TASK INSTRUCTIONS:
Give the records below again exactly, and exclude each picture.

***

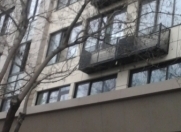 Satılır 3 otaqlı 95 m2 köhnə tikili Atatürk parkı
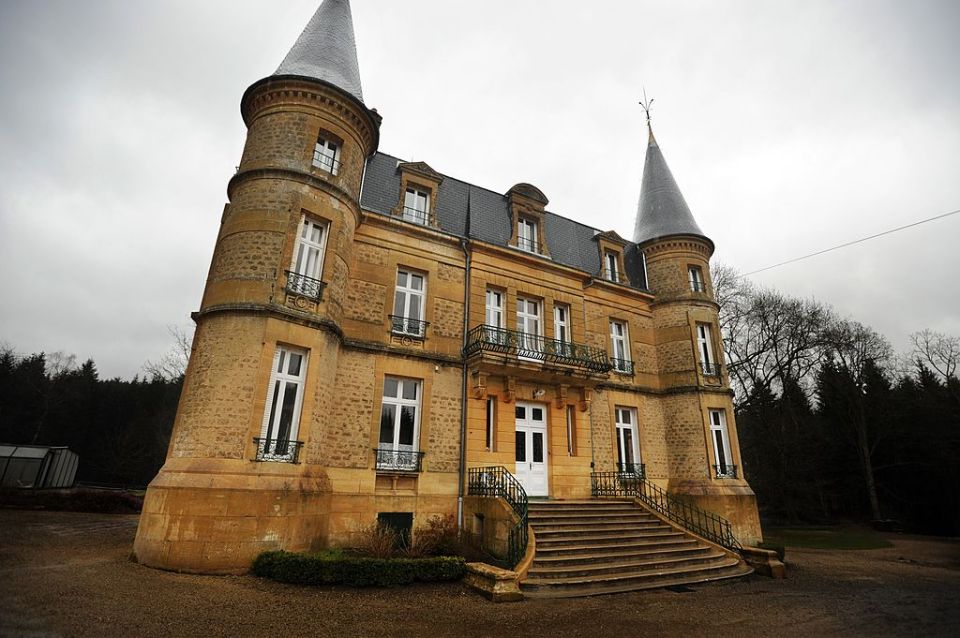 Château du Sautou, which Fourniret and Olivier bought with Hammiche's stolen money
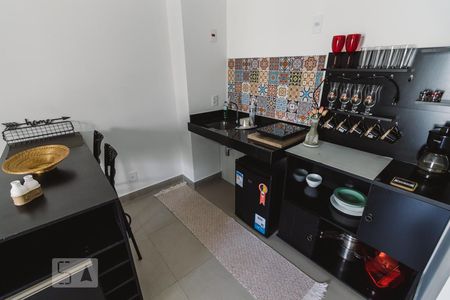 Cozinha de apartamento à venda com 1 quarto, 32m² em Perdizes, São Paulo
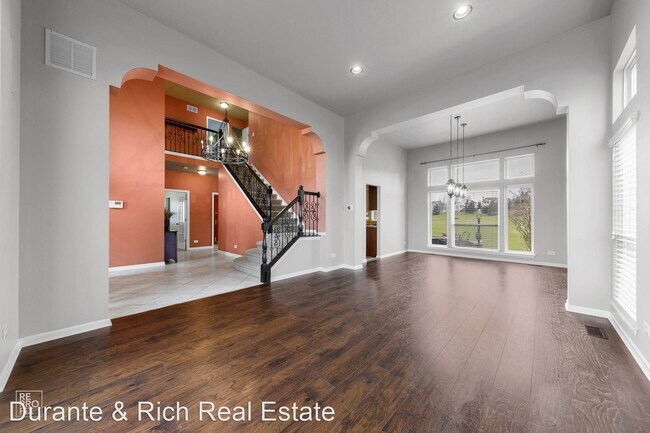 Building Photo - 5 br, 3.5 bath House - 1171 Heavens Gate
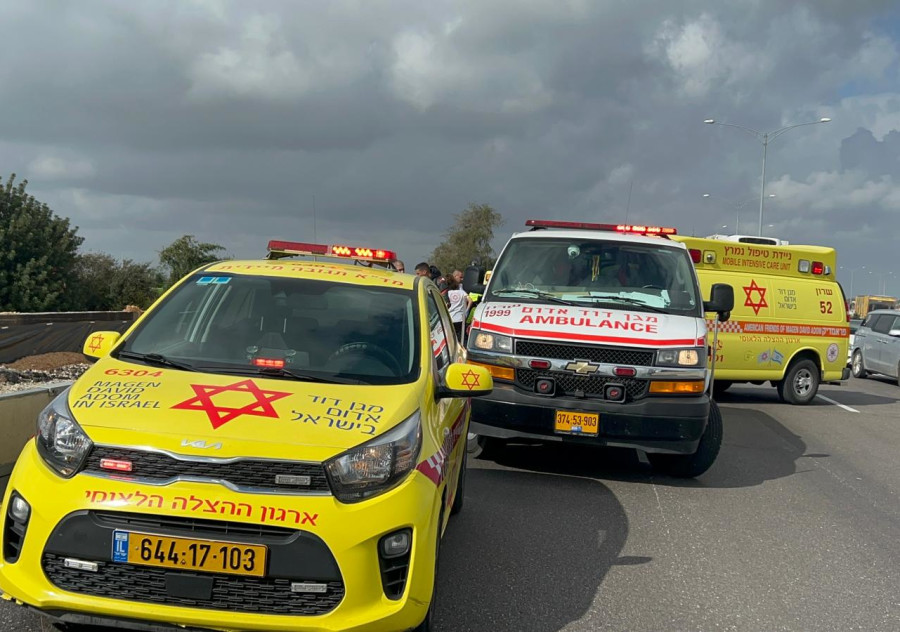 מד"א בזירה (צילום: תיעוד מבצעי מד"א)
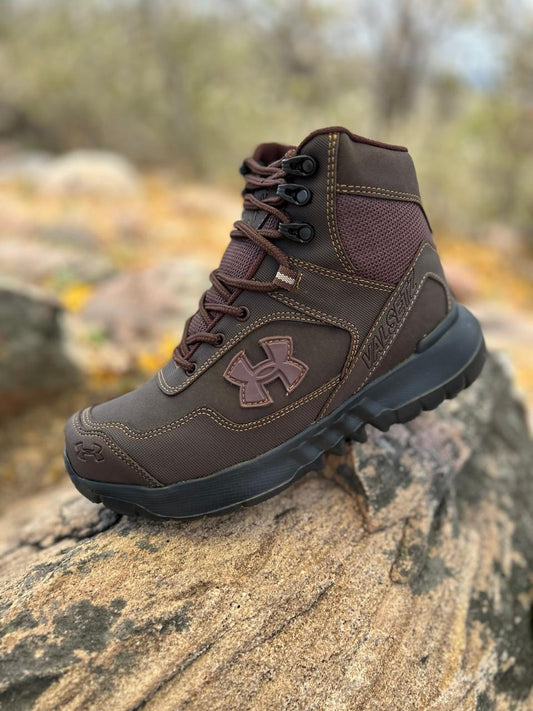BOTA UNDER ARMOUR EVA # 01 MARRON
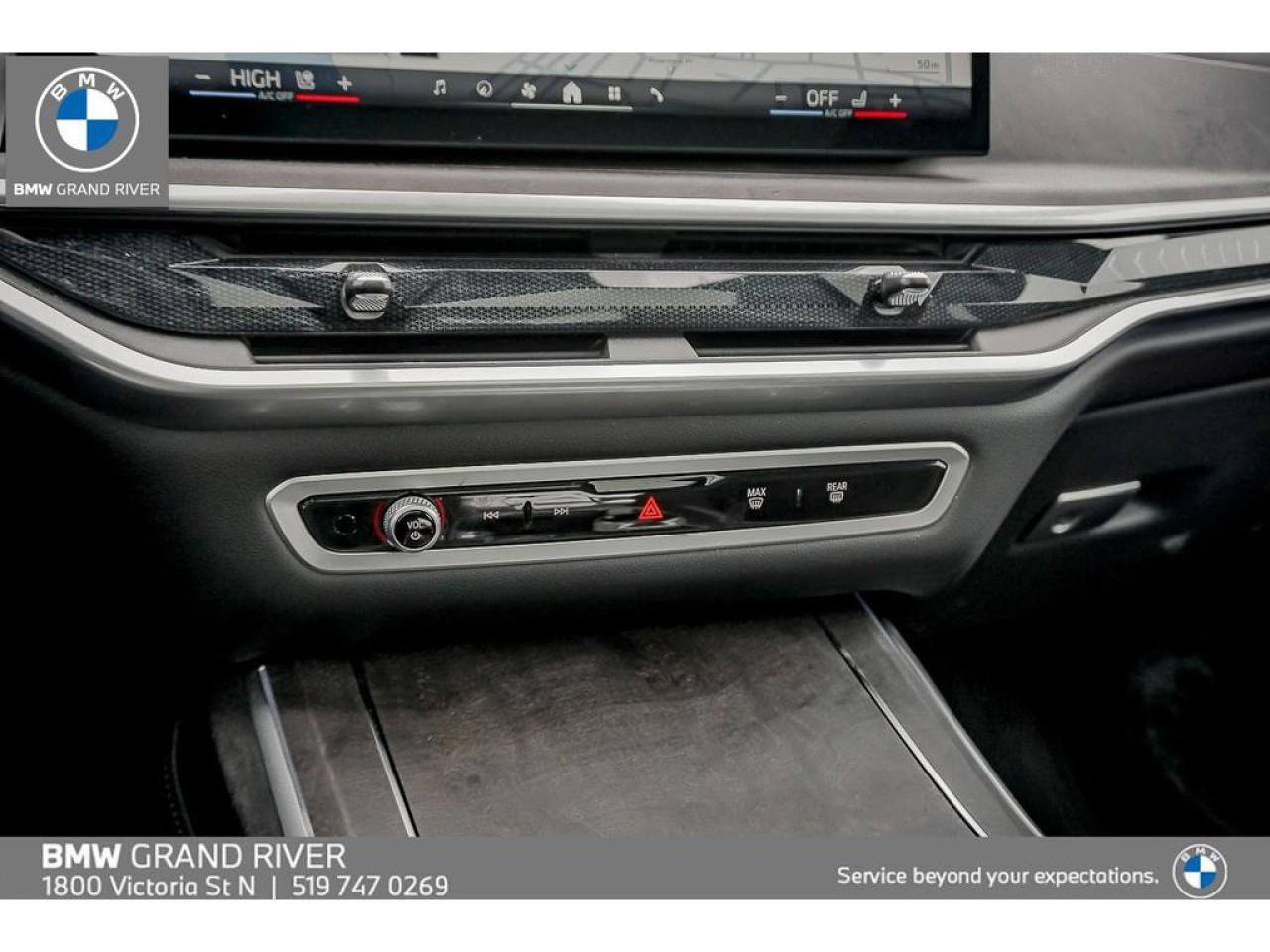 2024 BMW X7 xDrive40i 4dr All-Wheel Drive Sports Activity Vehicle Photo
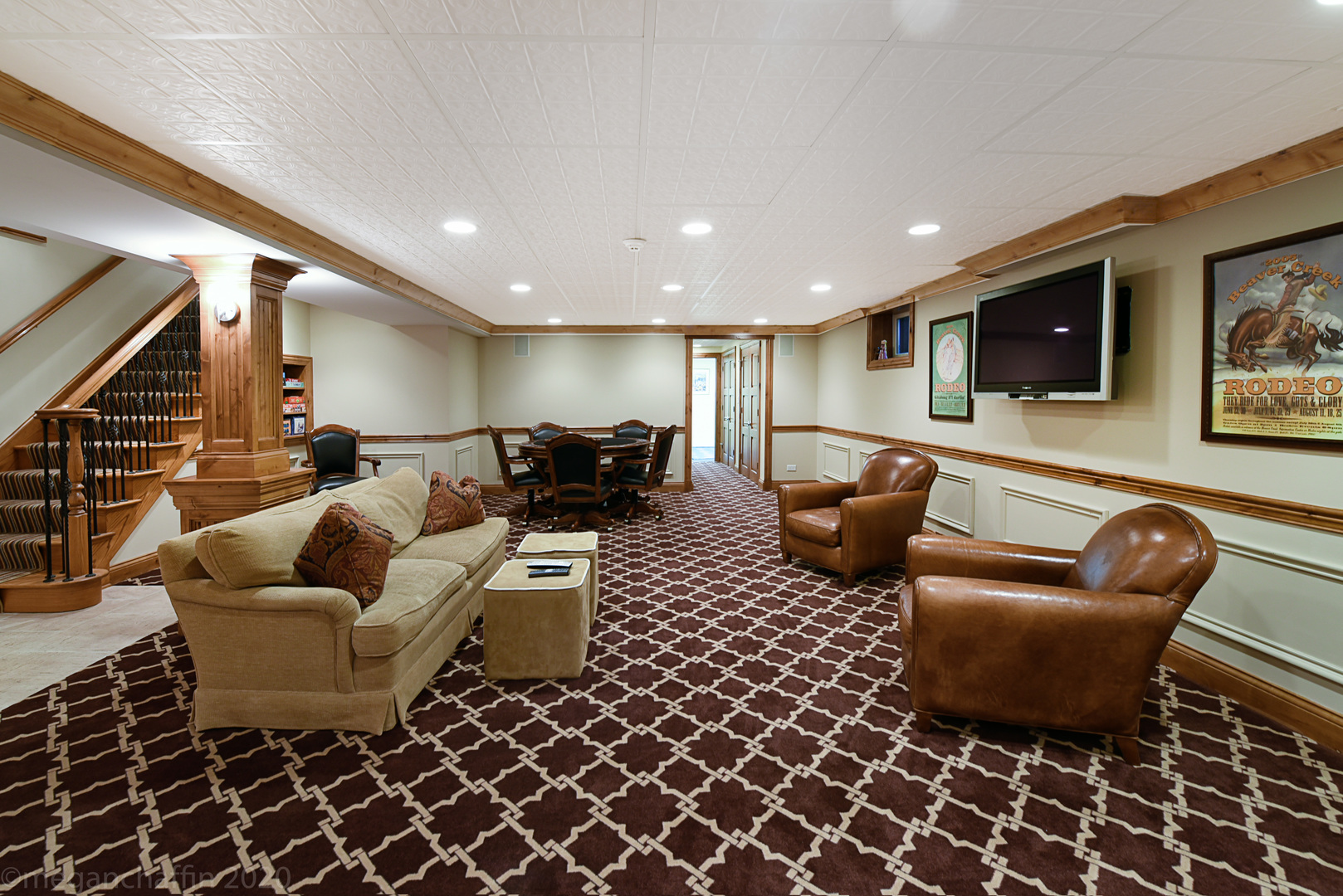 1115 Mohawk Road Wilmette, IL 60091 - Photo 46 of 66 a living room with furniture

***

EXERCISE RESULT:
 Satılır 3 otaqlı 95 m2 köhnə tikili Atatürk parkı
 Château du Sautou, which Fourniret and Olivier bought with Hammiche's stolen money
 Cozinha de apartamento à venda com 1 quarto, 32m² em Perdizes, São Paulo
 Building Photo - 5 br, 3.5 bath House - 1171 Heavens Gate
 מד"א בזירה (צילום: תיעוד מבצעי מד"א)
BOTA UNDER ARMOUR EVA # 01 MARRON
 2024 BMW X7 xDrive40i 4dr All-Wheel Drive Sports Activity Vehicle Photo
 1115 Mohawk Road Wilmette, IL 60091 - Photo 46 of 66 a living room with furniture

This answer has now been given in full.